How to write union queries in mongoDB

Punit picture Punit · Sep 7, 2017 · Viewed 7.9k times · Source

Is it possible to write union queries in Mongo DB using 2 or more collections similar to SQL queries?

I'm using spring mongo template and in my use case, I need to fetch the data from 3-4 collections based on some conditions. Can we achieve this in a single operation?

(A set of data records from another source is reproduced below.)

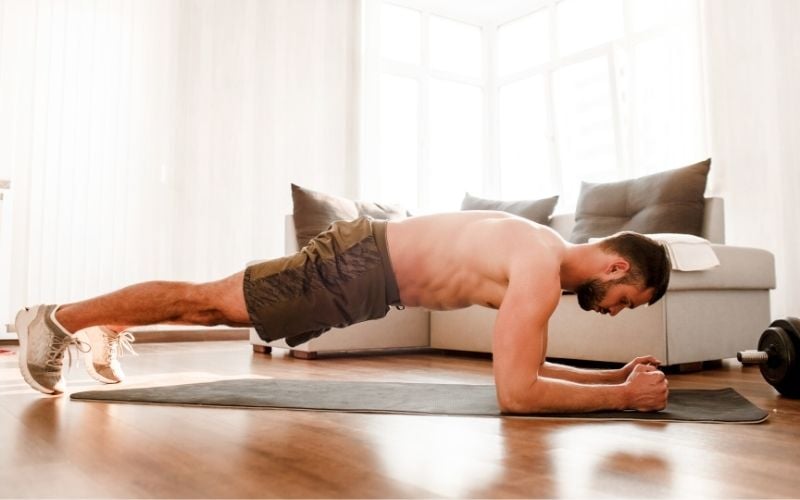 Man doing forearm plank in living room.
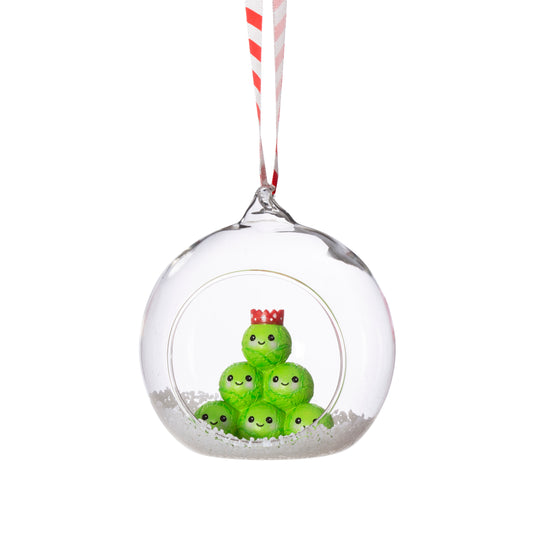 Clear Christmas ornament with green characters inside on a white background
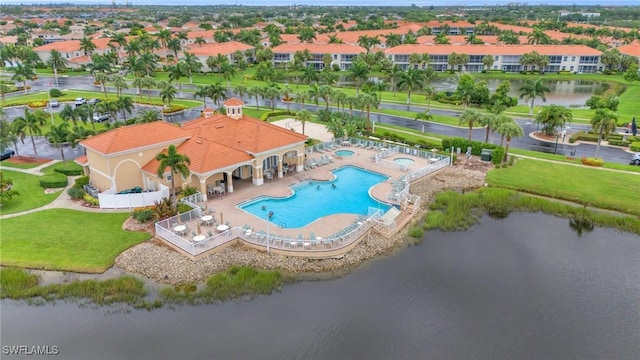 birds eye view of property featuring a water view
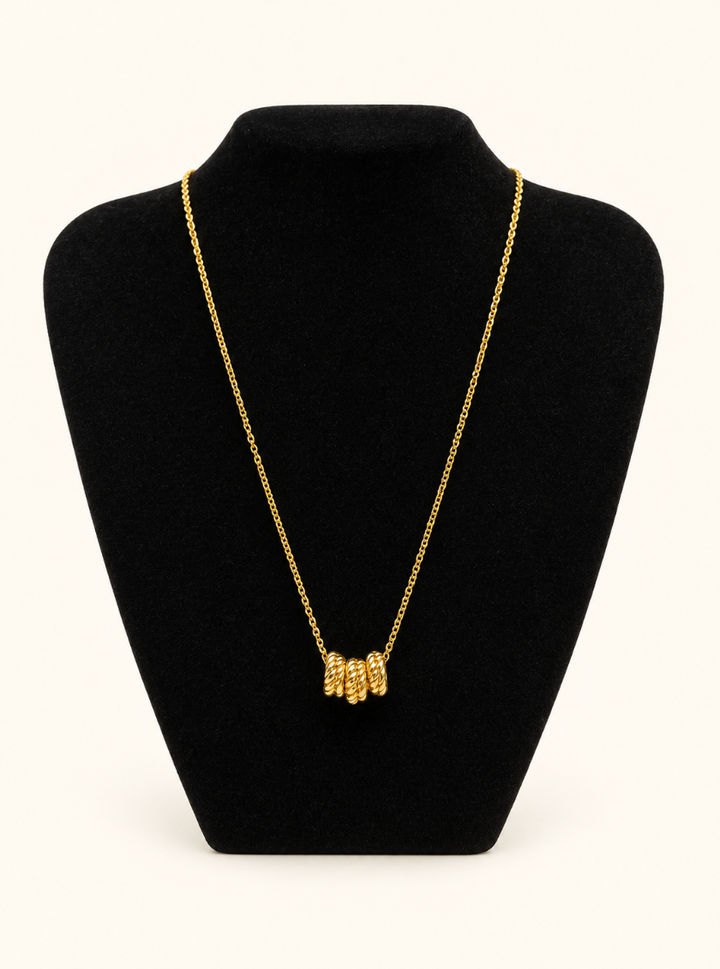 Katie Loxton Laia Necklace in gold displayed on black velvet jewelry stand against a cream studio background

For example, I have a field named "circuitId" which is present in all 4 collections. And I need to fetch all records from all 4 collections for which that field matches with a given value.

Answer

sboisse picture sboisse · Mar 21, 2019

Doing unions in MongoDB in a 'SQL UNION' fashion is possible using aggregations along with lookups, in a single query.

Something like this:

    db.getCollection("AnyCollectionThatContainsAtLeastOneDocument").aggregate(
    [
      { $limit: 1 }, // Reduce the result set to a single document.
      { $project: { _id: 1 } }, // Strip all fields except the Id.
      { $project: { _id: 0 } }, // Strip the id. The document is now empty.

      // Lookup all collections to union together.
      { $lookup: { from: 'collectionToUnion1', pipeline: [...], as: 'Collection1' } },
      { $lookup: { from: 'collectionToUnion2', pipeline: [...], as: 'Collection2' } },
      { $lookup: { from: 'collectionToUnion3', pipeline: [...], as: 'Collection3' } },

      // Merge the collections together.
      {
        $project:
        {
          Union: { $concatArrays: ["$Collection1", "$Collection2", "$Collection3"] }
        }
      },

      { $unwind: "$Union" }, // Unwind the union collection into a result set.
      { $replaceRoot: { newRoot: "$Union" } } // Replace the root to cleanup the resulting documents.
    ]);

Here is the explanation of how it works:

  1. Instantiate an aggregate out of any collection of your database that has at least one document in it. If you can't guarantee any collection of your database will not be empty, you can workaround this issue by creating in your database some sort of 'dummy' collection containing a single empty document in it that will be there specifically for doing union queries.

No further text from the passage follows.